IN THE SUPREME COURT OF THE STATE OF MONTANA


October 22, 2012

IN RE THE MARRIAGE OF: MICHAEL SWARTZ, PETITIONER AND APPELLEE, AND CHARLENE BOLTON, RESPONDENT AND APPELLANT.

APPEAL FROM: District Court of the Fourteenth Judicial District, In and For the County of Meagher, Cause No. DR 09-03 Honorable Randal I. Spaulding, Presiding Judge

The opinion of the court was delivered by: Chief Justice Mike McGrath

Submitted on Briefs: September 12, 2012

Decided: October 22, 2012

Filed:

Clerk

Chief Justice Mike McGrath delivered the Opinion of the Court.

¶1 Pursuant to Section I, Paragraph 3(d)(v), Montana Supreme Court Internal Operating Rules, this case is decided by memorandum opinion and shall not be cited and does not serve as precedent. Its case title, cause number, and disposition shall be included in this Court's quarterly list of noncitable cases published in the Pacific Reporter and Montana Reports.

¶2 Charlene Bolton (Char) appeals from findings of fact, conclusions of law, and a final decree of dissolution of her marriage to Michael Swartz (Mick) by the District Court for the Fourteenth Judicial District, Meagher County. We affirm but remand for a clarifying order.

¶3 Mick and Char were married by common law in 1992. Mick is a retired automotive supervisor for the United Parcel Service (UPS), and Char is a retired legal assistant. The parties bought a home near While Sulphur Springs, Montana in 1999. The parties took out a mortgage to pay for the property, and Mick withdrew money from his premarital retirement account to make the down payment. Mick and Char lived together in their marital home until they separated in October of 2003. When the parties separated, Char moved to Oregon, and Mick continued to live in the parties' marital home.

¶4 On July 15, 2009, Mick petitioned for dissolution of marriage.
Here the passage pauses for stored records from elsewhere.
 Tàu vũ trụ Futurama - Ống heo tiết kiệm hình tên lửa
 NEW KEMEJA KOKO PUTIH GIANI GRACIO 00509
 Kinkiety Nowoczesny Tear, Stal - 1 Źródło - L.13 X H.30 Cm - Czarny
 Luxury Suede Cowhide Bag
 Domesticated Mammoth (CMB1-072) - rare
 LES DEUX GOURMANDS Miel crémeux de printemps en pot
The District Court held a bench trial on October 12, 2011 and issued findings of fact, conclusions of law, and a final decree of dissolution on February 6, 2012. The court found that although the parties remained married after their separation, for all practical purposes the marriage ended in October of 2003. Accordingly, when the court divided the marital estate it elected to value the marital property, including the marital home, as of 2003 instead of the date of dissolution.

¶5 Mick was awarded the home and, because the property was a marital asset, the court awarded Char half of its value. However, the District Court determined that in 2003 Mick and Char owed more on the mortgage than the property was worth. Consequently, as there was no equity in the home in 2003, Char did not receive anything of value from the marital home and property.
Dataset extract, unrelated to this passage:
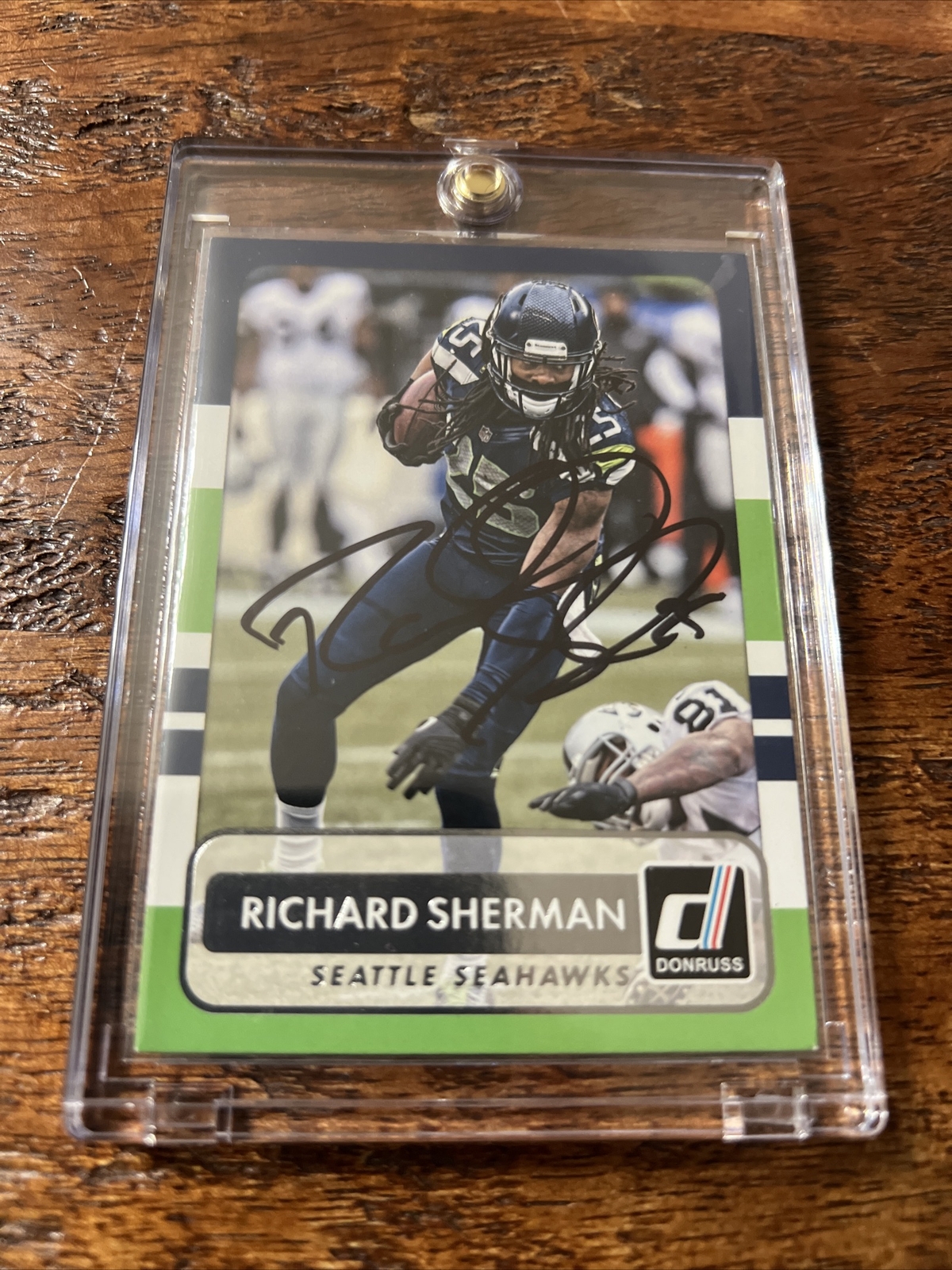 Richard Sherman Signed Donruss Card Psa Dna Coa Autographed Seattle Seahawks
¶6 The District Court also divided Mick's retirement benefits through UPS. Applying the time rule formula to divide Mick's retirement benefits, the court used 2003 as the date the marriage ended to calculate the marital portion of the pension and found that Char was entitled to twenty-four percent of Mick's monthly benefit, or $373.40. The court also divided the vehicles that the parties owned in 2003, some of which Mick has since sold. The court awarded Char half of the value of the vehicles and gave Mick ownership of the vehicles that he still has in his possession.

¶7 Additionally, the District Court evenly split debt from three credit accounts in Mick's name between the parties. Although disputed by Char, Mick testified that the debt owing on the credit accounts, which the court found to be $12,522.63, was all incurred between 1992 and October 2003. Mick admitted that he had not made any payments on the accounts since 2003 and that judgments have been entered against him in favor of his creditors. Lastly, the court denied Char's motions for spousal maintenance and an award for attorney's fees, which she requested for the first time during her closing argument. The court held that Char's requests were too late, and, in any event, that she had not presented any evidence or testimony to support her requests.

¶8 Char argues on appeal that the District Court failed to make certain necessary findings, that its division of the marital estate is inequitable, and that a number of its findings are erroneous, including the court's valuation of the marital home. We review a district court's factual findings to determine if they are clearly erroneous. In re Marriage of Tummarello, 2012 MT 18, ¶ 21, 363 Mont. 387, 270 P.3d 28. If the findings are not clearly erroneous, we will affirm the district court unless it abused its discretion. In re Marriage of Czapranski, 2003 MT 14, ¶ 10, 314 Mont. 55, 63 P.3d 499.

¶9 Char argues that the District Court should have made a finding of whether the court's distribution of assets was in lieu of spousal maintenance, citing § 40-4-203, MCA. However, § 40-4-203, MCA, applies to cases where maintenance is awarded, and the court did not award maintenance here. When determining whether a particular omitted finding was necessary, the test is whether the district court's findings as a whole are sufficient to determine whether the division of the estate was equitable. In re Fenzau, 2002 MT 197, ¶ 40, 311 Mont. 163, 54 P.3d 43.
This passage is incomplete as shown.